Another example/frequent topic is memory bandwidth. We can reasonably infer that the memory bus width is 128 bit. LPDDR5 is what's explicitly listed, IIRC. It's highly likely that 'LPDDR5' here is specifically the standard LPDDR5, but there's an outside shot that it's LPDDR5X. Regardless, options can be assumed. We can calculate 128 bit LPDDR5 (6400 MT/s for a total of 102.4 GB/s). We can calculate current 128 bit LPDDR5X (7500 MT/s for a total of 120 GB/s). We can calculate the peak by spec 128 bit LPDDR5X (8533 MT/s for a total of ~136.5 GB/s). The followup question is then, how does that bandwidth fit with the needs of CPU + GPU? That breaks up into, how much would the CPU need and how much would the GPU need? How much the CPU needs is a tough one to figure out; we can probably discuss that later. What about the GPU? What can be used as a starting point? As far as we're aware, architecturally, we're basically looking at Ampere. Can we then use the RTX 30 series cards for comparison? If yes, can we do something like, calculate (bandwidth) / (SM count * clocks) to get a feel for how Nvidia tried to balance things back in 2020? (or, bandwidth / flops as a shortcut). Would Nvidia have since tweaked how they'd balance things with experience from post-RTX 30 launch?
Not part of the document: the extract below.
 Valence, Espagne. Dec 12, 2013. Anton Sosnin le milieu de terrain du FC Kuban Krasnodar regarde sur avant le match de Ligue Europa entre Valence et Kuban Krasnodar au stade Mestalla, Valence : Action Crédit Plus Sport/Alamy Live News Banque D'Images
*quick refresh for the readers:
For chips, power consumption more or less scales quadratically with voltage (ie, voltage squared). As long as you can safely lower the voltage, your power consumption goes down faster than your performance, so your perf/watt ends up improving. The catch is, you can only lower voltage so far (you eventually lose stability). Where that floor is presumably varies with every chip. When you can't continue lowering voltage and can only further dial down current, your power consumption goes down
slower than your performance, so your perf/watt starts going back downward. Thraktor demonstrated this with his RTX 3070 in
this post.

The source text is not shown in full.